Records contained in a dataset:
*-*-*

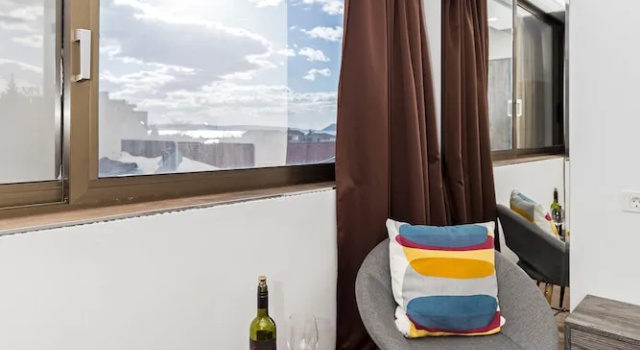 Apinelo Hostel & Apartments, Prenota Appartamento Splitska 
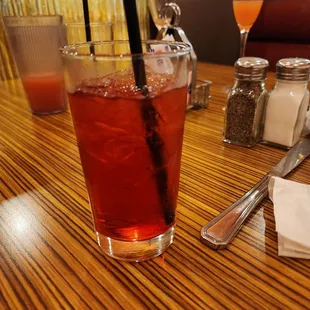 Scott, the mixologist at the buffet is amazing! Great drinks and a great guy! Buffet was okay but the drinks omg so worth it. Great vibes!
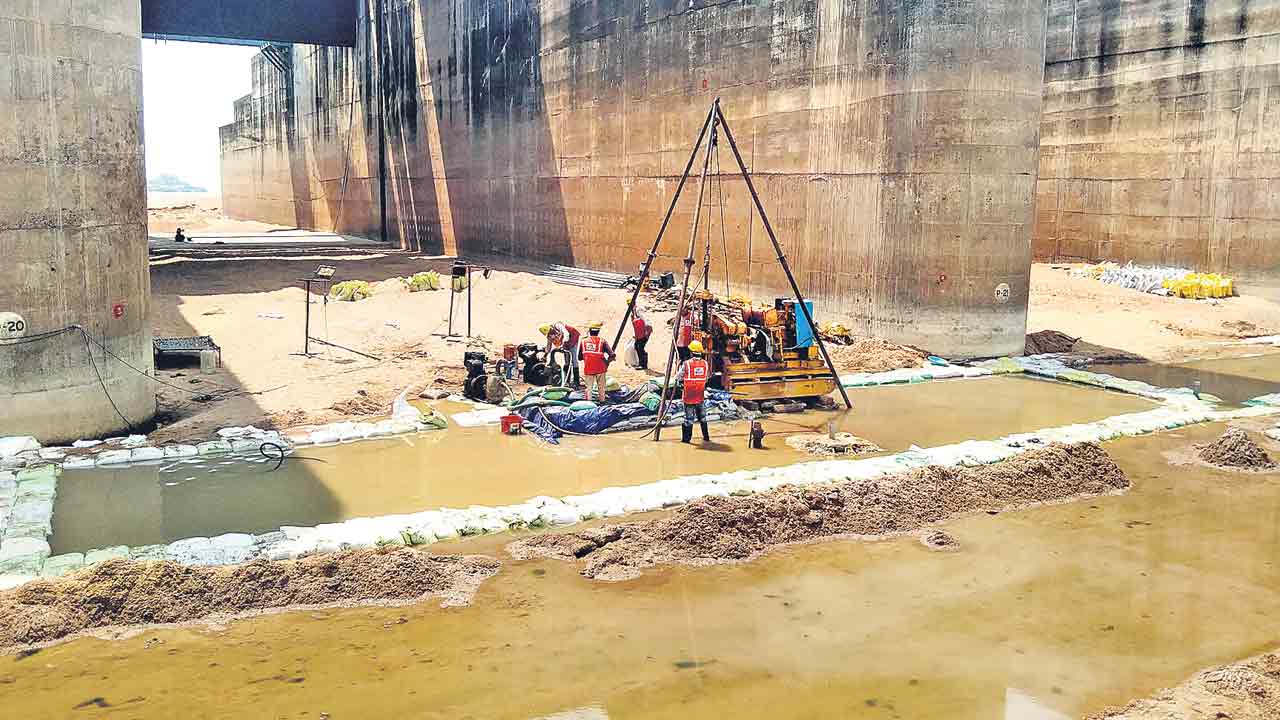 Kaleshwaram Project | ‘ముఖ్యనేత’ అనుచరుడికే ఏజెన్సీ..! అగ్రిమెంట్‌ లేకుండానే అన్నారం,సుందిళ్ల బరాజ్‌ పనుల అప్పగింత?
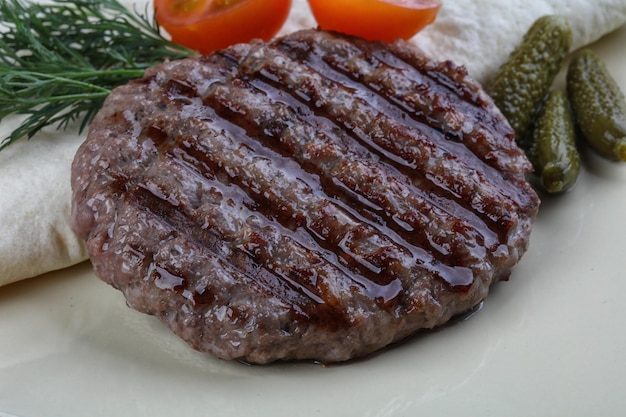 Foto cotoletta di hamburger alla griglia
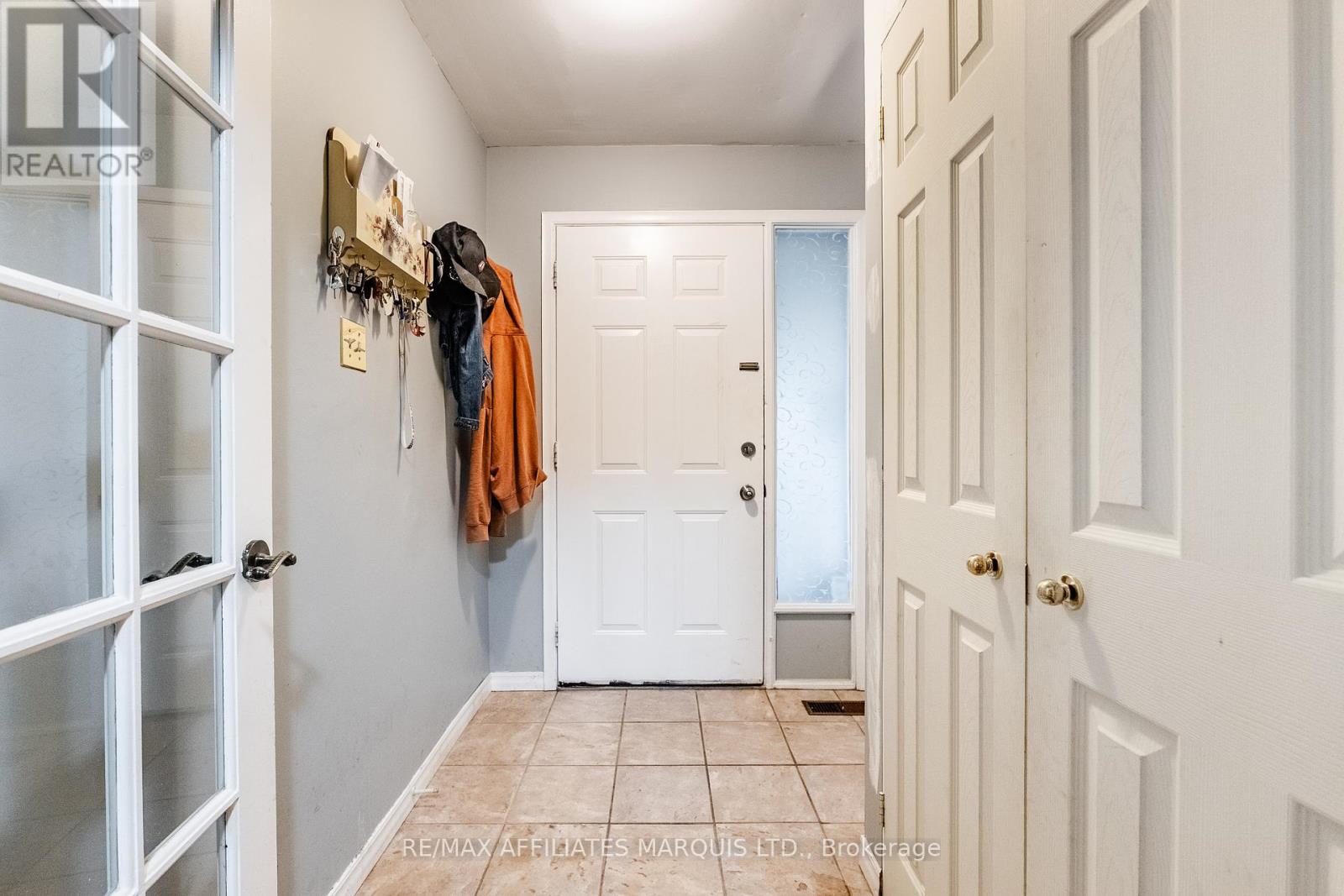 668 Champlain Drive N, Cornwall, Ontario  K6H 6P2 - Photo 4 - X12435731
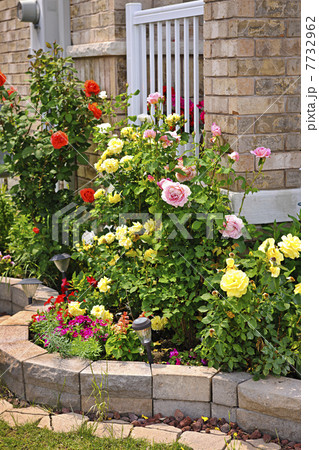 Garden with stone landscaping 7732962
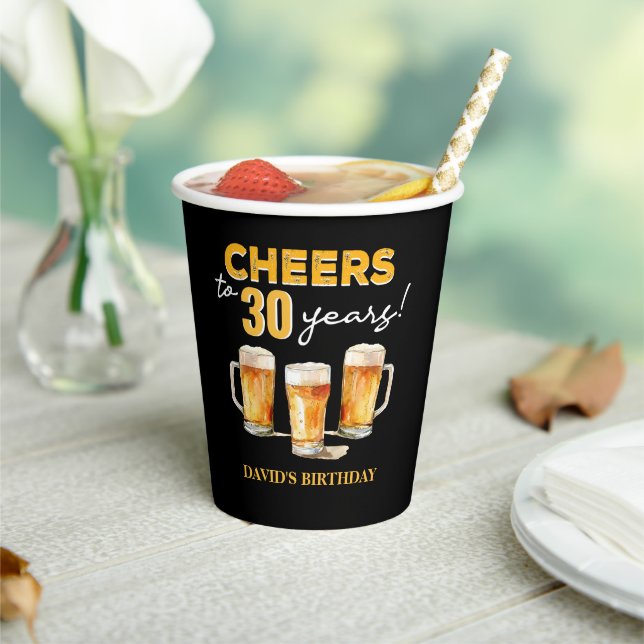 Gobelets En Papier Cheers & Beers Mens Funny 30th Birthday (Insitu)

*-*-*

DESCRIPTION OF THE TASK: Please transcribe, with no additions, the lines starting at the one that contains "668 Champlain Drive" and running through the last line of the entries, inclusive. Leave the pictures out.

RESULT OF THIS EXERCISE:
 668 Champlain Drive N, Cornwall, Ontario  K6H 6P2 - Photo 4 - X12435731
 Garden with stone landscaping 7732962
 Gobelets En Papier Cheers & Beers Mens Funny 30th Birthday (Insitu)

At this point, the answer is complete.